Hans Urs von Balthasar, in his seminal work on Gregory of Nyssa, Presence and Thought, develops for us Gregory’s understanding of the figure of the fountain in the Scriptures as a figure that pictures both God and his love. He relates it to the relationship of the lover and the loved-one in the Song of Songs. He gives us this remarkable quotation from Gregory’s commentary.

“The fountain is none other than the mouth of the Bridegroom, from which the words of eternal life gush forth, words that fill the mouth that brings them (as the Prophet says, ‘I opened my mouth and brought the spirit’). Since, then, he who wishes to drink ought to bring his mouth to the fountain, and since the Lord is himself this fountain . . . the soul that wishes to put her lips to this mouth from which Life springs forth says the following words: ‘May He kiss me with a kiss from his mouth.’”

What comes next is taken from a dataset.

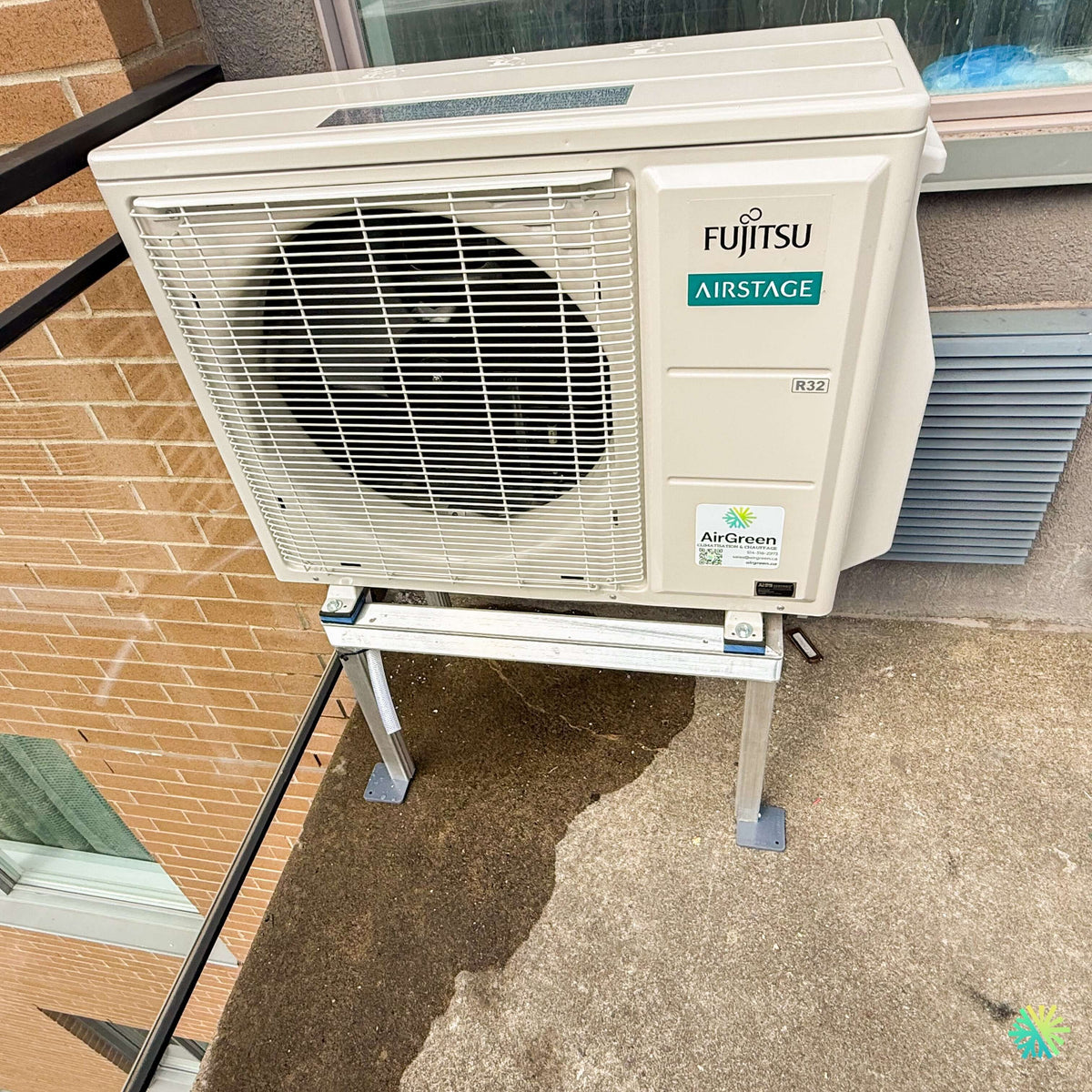 Installation d’une thermopompe murale Fujitsu AIRSTAGE Altair 700 à L’Île-Perrot sur une plateforme extérieure surélevée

It is into this relationship with just such love that the serpent seeks to introduce fear and distrust. It is right that the term that comes in English to describe the one whom the serpent represents is a development of the Greek word for a slanderer (diabolos). There is nothing more destructive to personal relations than distrust. The biblical story with great clarity spells out the negative consequences that resulted because Eve chose to accept the serpent’s lie and walk out of relationship with the One who is life and love.